Balkondayım. Enginlere bakıyorum. Denizin maviliği ile göğün mavisi bir çizgide buluşuyor. Güneş, dağların ardına saklanmaya çalışıyor. Güneş , görünmez oldukça aydınlığın yerini karanlık alıyor. Akşam çöktükçe ortalık daha bir sessiz. Daha bir ıssız.
Evlerde tek tek ölgün ışıklar. Loş ışıklar giderek daha bir parlaklaşır. Sokak ışıkları daha bir parlak daha bir aydınlıktır. Karşı kıyıda Gemlik’in, Kumla’nın ışıklar aydınlatır denizi. Ay ışığı ise denizde yakamozlar oluşturur. Deniz kıpır kıpır olur. Balıklar oynaşır sanki. Işıklar çoğaldıkça gece daha bir güzelleşir.

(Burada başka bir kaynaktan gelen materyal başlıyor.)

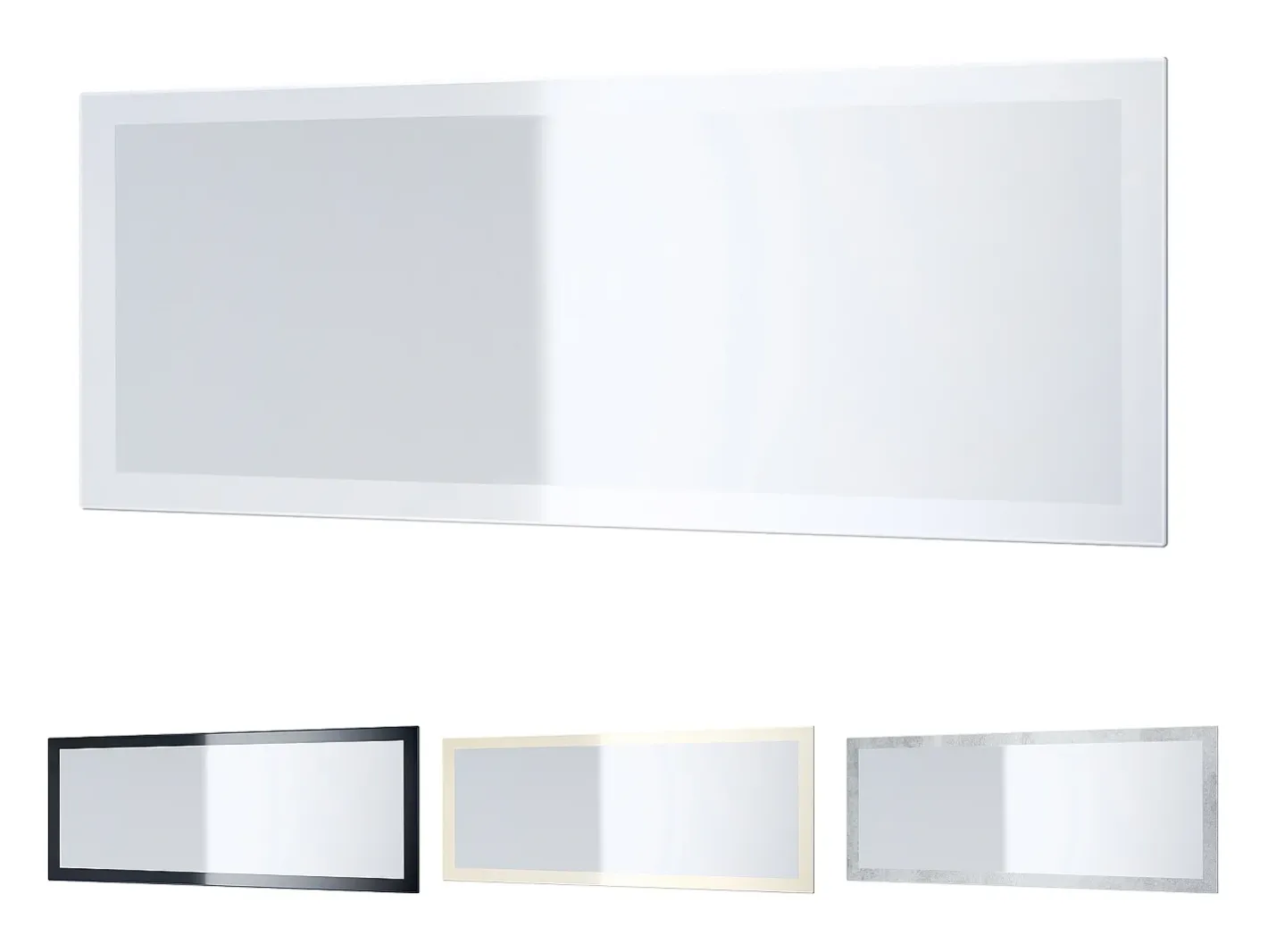 Vladon Espejo Lima, Espejo de pared con Marco moderno, Blanco de alto brillo (139 x 55 cm) Negro Online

Işık, aydınlıktır. Mutluluktur. Erinçtir. Aydınlık bir gelecektir. Işık, umuttur, güvenle bakmaktır yarınlara. Her ışık bir ailedir. Her aile bir evrendir aslında. Başlı başına bir evrendir o ışıklar. Gizlerle doludur bu evren. Yaşamın yükünü taşıyan , bu yük altında ezilen babalar vardır o evlerde. Yemeyip yediren, giymeyip giydiren , başı dik babalar. İşyerinde verilen portakalı evindeki çocuğuna getiren onurlu insanlar.
Yokluk , yoksulluk içinde yoktan var etmeye çalışan kahır yüklü analar, yaşarlar o evlerde. Saçını süpürge eden, canını dişine takan analar. Yokluğu, yoksulluğu çocuklarına duyumsatmamak için çabalayan, bağrına taş basan analar.
Çocuklar.. Çocuklarımız. Dışı soğuk içleri ateş gibi yanan cıvıl cıvıl çocuklar. Ülkemizin geleceği. Yarımlarımızın umududur onlar. Bir göz odayı, bir lokma ekmeği paylaşırken bile mutlu olmaya çalışan çocuklar.
Karayağız delikanlılar, fidan boylu genç kızlar vardır bu evlerde. Çocukluktan gençliğe, gençlikten erişkinliğe uzanan geçişler dönemi. Babalık ya da analık genlerini taşıyanlardır onlar. Ulu Önderimiz Atatürk’ün bu güzel yurdu emanet ettiği gençler. Bir bölümü bir eli yağda bir eli balda olan gençler. Öte yanda işsiz gençler. Umudu tükenmiş, karamsar, mutsuz gençler. “Genç nüfus” diye övündüğümüz ama geleceklerini kararttığımız kişiler. İş vermediğimiz ama ülkeyi emanet ettiğimiz gençler. Her genç bir evrendir.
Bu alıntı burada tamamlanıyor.